EXERCISE PROMPT:
Pictures excluded, reproduce exactly the lines below from the one with "woman wearing light" through the one with "The River Tay", both included.

ENTRIES SUPPLIED:
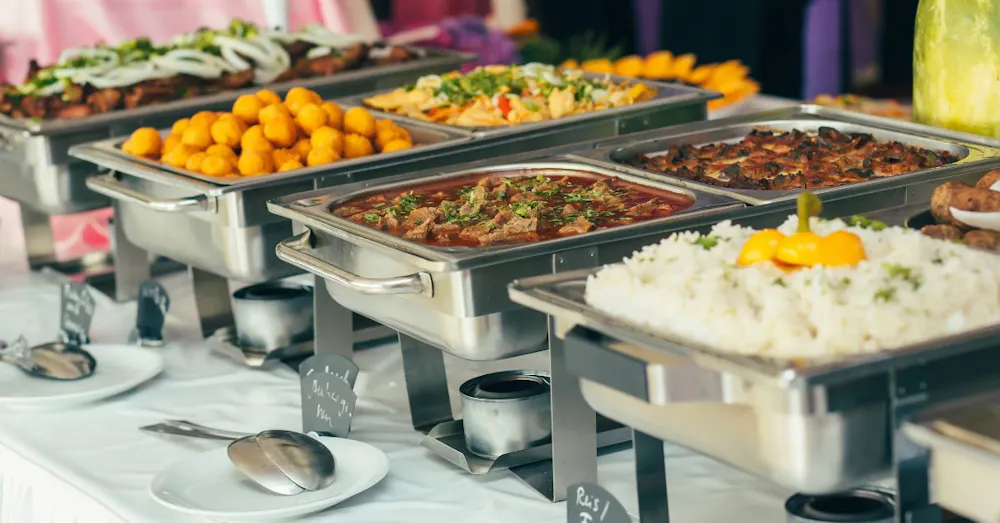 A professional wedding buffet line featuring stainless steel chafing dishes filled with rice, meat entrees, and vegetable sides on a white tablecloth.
==
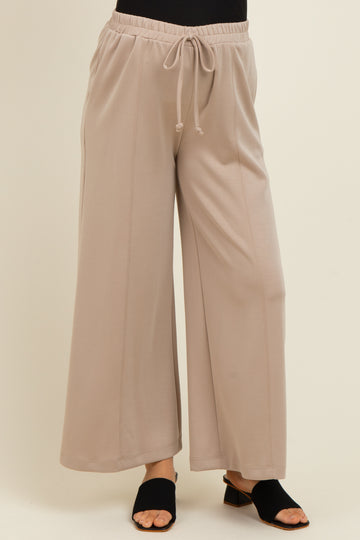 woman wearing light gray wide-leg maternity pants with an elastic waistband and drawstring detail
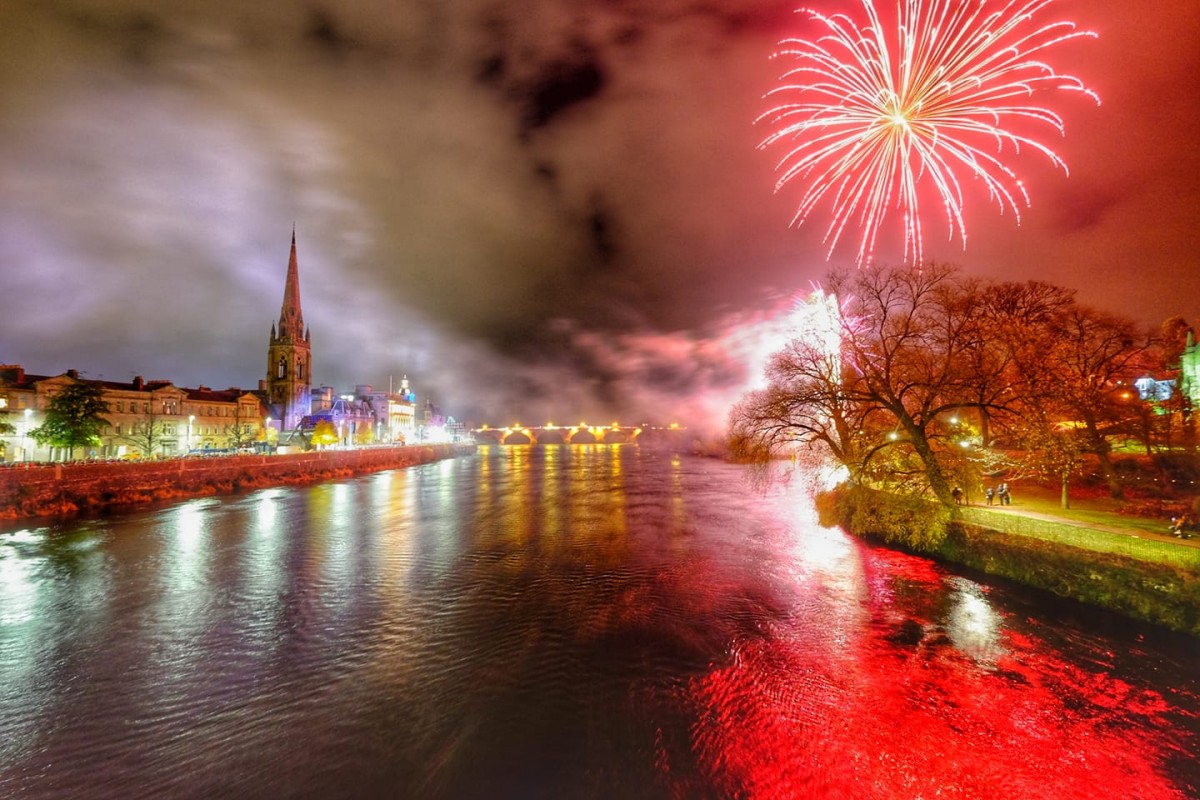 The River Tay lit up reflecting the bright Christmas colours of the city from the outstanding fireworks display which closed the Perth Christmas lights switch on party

EXERCISE ANSWER:
 woman wearing light gray wide-leg maternity pants with an elastic waistband and drawstring detail
 The River Tay lit up reflecting the bright Christmas colours of the city from the outstanding fireworks display which closed the Perth Christmas lights switch on party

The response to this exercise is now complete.